[<prev] [next>] [<thread-prev] [thread-next>] [day] [month] [year] [list]
Message-ID: <aQEsip3TsPn4LJY9@lizhi-Precision-Tower-5810>
Date: Tue, 28 Oct 2025 16:50:18 -0400
From: Frank Li <Frank.li@....com>
To: Koichiro Den <den@...inux.co.jp>
Cc: ntb@...ts.linux.dev, linux-pci@...r.kernel.org,
dmaengine@...r.kernel.org, linux-kernel@...r.kernel.org,
mani@...nel.org, kwilczynski@...nel.org, kishon@...nel.org,
bhelgaas@...gle.com, corbet@....net, vkoul@...nel.org,
jdmason@...zu.us, dave.jiang@...el.com, allenbh@...il.com,
Basavaraj.Natikar@....com, Shyam-sundar.S-k@....com,
kurt.schwemmer@...rosemi.com, logang@...tatee.com,
jingoohan1@...il.com, lpieralisi@...nel.org, robh@...nel.org,
jbrunet@...libre.com, fancer.lancer@...il.com, arnd@...db.de,
pstanner@...hat.com, elfring@...rs.sourceforge.net
Subject: Re: [RFC PATCH 00/25] NTB/PCI: Add DW eDMA intr fallback and BAR MW
offsets
On Mon, Oct 27, 2025 at 02:29:30PM +0900, Koichiro Den wrote:
> On Fri, Oct 24, 2025 at 12:43:47PM -0400, Frank Li wrote:
> > On Sat, Oct 25, 2025 at 01:04:01AM +0900, Koichiro Den wrote:
> > > On Thu, Oct 23, 2025 at 11:27:09PM -0400, Frank Li wrote:
> > > > On Thu, Oct 23, 2025 at 04:18:51PM +0900, Koichiro Den wrote:
> > > > > Hi all,
> > > > >
> > > > > Motivation
> > > > > ==========
> > > > >
> > > > > On Renesas R-Car S4 the PCIe Endpoint is DesignWare-based and the platform
> > > > > does not allow mapping GITS_TRANSLATER as an inbound iATU target.

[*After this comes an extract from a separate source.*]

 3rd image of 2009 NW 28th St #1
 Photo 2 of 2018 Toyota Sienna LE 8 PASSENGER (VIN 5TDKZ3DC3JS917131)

As a
> > > > > result, forwarding MSI writes from the Root Complex (RC) to the Endpoint
> > > > > (EP) is not possible even if we would add implementation to create a MSI
> > > > > domain for the vNTB device to use existing drivers/ntb/msi.c, and NTB
> > > > > traffic must fall back to doorbells (polling). In addition, BAR resources
> > > > > are scarce, which makes it difficult to dedicate a BAR solely to an
> > > > > NTB/msi window.
> > > > >
> > > > > This RFC introduces a generic interrupt backend for NTB. The existing MSI
> > > > > path is converted to a backend, and a new DW eDMA test-interrupt backend
> > > > > provides an RC-to-EP interrupt fallback when MSI cannot be used. In
> > > > > parallel, EPC/DWC gains inbound subrange mapping so multiple NTB memory
> > > > > windows (MWs) can share a single BAR at arbitrary offsets (via mwN_offset).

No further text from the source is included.